Find the line containing "Colorful candy display at market" in the entries below. Restate it and each line after it, word for word, up to and including the line containing "Design-Gestell in Stainless".

Short text fragments from websites:
# # # #

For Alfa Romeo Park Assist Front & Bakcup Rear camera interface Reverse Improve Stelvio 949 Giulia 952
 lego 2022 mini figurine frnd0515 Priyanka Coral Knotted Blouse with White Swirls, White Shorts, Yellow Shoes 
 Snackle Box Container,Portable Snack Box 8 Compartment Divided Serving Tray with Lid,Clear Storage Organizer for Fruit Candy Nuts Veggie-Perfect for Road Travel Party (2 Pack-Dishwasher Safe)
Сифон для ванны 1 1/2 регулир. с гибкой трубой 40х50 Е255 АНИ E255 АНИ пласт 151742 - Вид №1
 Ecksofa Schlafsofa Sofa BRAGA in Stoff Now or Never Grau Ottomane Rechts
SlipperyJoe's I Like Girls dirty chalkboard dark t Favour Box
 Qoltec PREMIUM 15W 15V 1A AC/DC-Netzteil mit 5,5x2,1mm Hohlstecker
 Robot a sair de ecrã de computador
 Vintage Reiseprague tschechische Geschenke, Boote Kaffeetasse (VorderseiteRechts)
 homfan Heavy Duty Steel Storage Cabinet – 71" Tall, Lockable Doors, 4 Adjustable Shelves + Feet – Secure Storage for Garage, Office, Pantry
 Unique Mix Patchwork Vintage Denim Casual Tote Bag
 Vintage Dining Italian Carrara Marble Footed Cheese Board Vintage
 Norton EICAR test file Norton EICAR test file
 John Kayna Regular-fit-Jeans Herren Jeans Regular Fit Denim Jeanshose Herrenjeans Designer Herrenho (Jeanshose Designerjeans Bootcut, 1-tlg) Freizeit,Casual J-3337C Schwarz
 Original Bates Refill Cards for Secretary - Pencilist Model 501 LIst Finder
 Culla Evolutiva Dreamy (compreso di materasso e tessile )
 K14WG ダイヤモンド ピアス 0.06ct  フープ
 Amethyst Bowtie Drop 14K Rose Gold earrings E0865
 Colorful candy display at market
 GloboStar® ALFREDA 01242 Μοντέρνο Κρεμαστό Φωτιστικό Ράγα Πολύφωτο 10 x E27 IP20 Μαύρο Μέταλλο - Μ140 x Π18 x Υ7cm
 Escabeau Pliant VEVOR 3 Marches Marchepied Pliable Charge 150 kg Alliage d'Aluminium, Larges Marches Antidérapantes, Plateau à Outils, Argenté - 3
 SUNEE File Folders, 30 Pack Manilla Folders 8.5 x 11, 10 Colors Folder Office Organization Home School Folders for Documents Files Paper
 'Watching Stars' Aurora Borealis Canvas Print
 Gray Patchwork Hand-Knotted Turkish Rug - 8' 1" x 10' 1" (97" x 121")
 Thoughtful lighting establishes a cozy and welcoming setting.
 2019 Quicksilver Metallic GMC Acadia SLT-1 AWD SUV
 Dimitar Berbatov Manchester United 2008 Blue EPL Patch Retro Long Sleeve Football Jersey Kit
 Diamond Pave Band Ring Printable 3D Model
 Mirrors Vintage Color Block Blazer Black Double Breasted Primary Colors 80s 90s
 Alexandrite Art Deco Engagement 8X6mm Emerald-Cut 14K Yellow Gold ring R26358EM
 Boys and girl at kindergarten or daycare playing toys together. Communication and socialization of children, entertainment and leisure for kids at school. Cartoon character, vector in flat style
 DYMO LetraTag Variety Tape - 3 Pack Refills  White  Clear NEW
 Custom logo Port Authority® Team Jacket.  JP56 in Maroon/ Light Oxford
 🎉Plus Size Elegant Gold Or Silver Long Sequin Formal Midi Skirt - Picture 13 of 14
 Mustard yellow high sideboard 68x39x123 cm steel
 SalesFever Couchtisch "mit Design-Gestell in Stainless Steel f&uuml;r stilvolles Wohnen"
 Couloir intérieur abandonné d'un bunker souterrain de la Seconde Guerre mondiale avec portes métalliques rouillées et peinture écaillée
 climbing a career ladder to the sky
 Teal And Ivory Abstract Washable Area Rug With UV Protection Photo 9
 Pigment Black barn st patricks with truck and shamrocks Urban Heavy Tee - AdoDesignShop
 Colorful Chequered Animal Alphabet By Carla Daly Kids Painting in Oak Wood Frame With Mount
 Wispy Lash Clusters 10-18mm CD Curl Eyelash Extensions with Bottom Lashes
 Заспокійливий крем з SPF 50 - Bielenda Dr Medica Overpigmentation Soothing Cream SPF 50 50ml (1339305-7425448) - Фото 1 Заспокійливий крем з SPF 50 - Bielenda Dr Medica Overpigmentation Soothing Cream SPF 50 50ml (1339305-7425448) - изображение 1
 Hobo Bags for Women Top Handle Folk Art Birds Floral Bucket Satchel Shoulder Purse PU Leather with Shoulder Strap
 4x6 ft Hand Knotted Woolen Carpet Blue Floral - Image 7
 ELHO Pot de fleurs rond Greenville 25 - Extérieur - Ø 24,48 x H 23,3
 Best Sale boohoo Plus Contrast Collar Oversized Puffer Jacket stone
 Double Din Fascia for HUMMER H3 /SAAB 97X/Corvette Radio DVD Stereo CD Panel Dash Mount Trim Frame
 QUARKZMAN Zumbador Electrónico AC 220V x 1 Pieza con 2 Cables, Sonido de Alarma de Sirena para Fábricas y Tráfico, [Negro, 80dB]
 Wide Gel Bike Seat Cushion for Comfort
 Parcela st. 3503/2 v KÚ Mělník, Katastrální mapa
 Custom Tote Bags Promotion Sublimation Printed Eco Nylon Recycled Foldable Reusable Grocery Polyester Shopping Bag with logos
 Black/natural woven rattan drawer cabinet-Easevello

# # # #

# RESULT OF THIS TASK
 Colorful candy display at market
 GloboStar® ALFREDA 01242 Μοντέρνο Κρεμαστό Φωτιστικό Ράγα Πολύφωτο 10 x E27 IP20 Μαύρο Μέταλλο - Μ140 x Π18 x Υ7cm
 Escabeau Pliant VEVOR 3 Marches Marchepied Pliable Charge 150 kg Alliage d'Aluminium, Larges Marches Antidérapantes, Plateau à Outils, Argenté - 3
 SUNEE File Folders, 30 Pack Manilla Folders 8.5 x 11, 10 Colors Folder Office Organization Home School Folders for Documents Files Paper
 'Watching Stars' Aurora Borealis Canvas Print
 Gray Patchwork Hand-Knotted Turkish Rug - 8' 1" x 10' 1" (97" x 121")
 Thoughtful lighting establishes a cozy and welcoming setting.
 2019 Quicksilver Metallic GMC Acadia SLT-1 AWD SUV
 Dimitar Berbatov Manchester United 2008 Blue EPL Patch Retro Long Sleeve Football Jersey Kit
 Diamond Pave Band Ring Printable 3D Model
 Mirrors Vintage Color Block Blazer Black Double Breasted Primary Colors 80s 90s
 Alexandrite Art Deco Engagement 8X6mm Emerald-Cut 14K Yellow Gold ring R26358EM
 Boys and girl at kindergarten or daycare playing toys together. Communication and socialization of children, entertainment and leisure for kids at school. Cartoon character, vector in flat style
 DYMO LetraTag Variety Tape - 3 Pack Refills  White  Clear NEW
 Custom logo Port Authority® Team Jacket.  JP56 in Maroon/ Light Oxford
 🎉Plus Size Elegant Gold Or Silver Long Sequin Formal Midi Skirt - Picture 13 of 14
 Mustard yellow high sideboard 68x39x123 cm steel
 SalesFever Couchtisch "mit Design-Gestell in Stainless Steel f&uuml;r stilvolles Wohnen"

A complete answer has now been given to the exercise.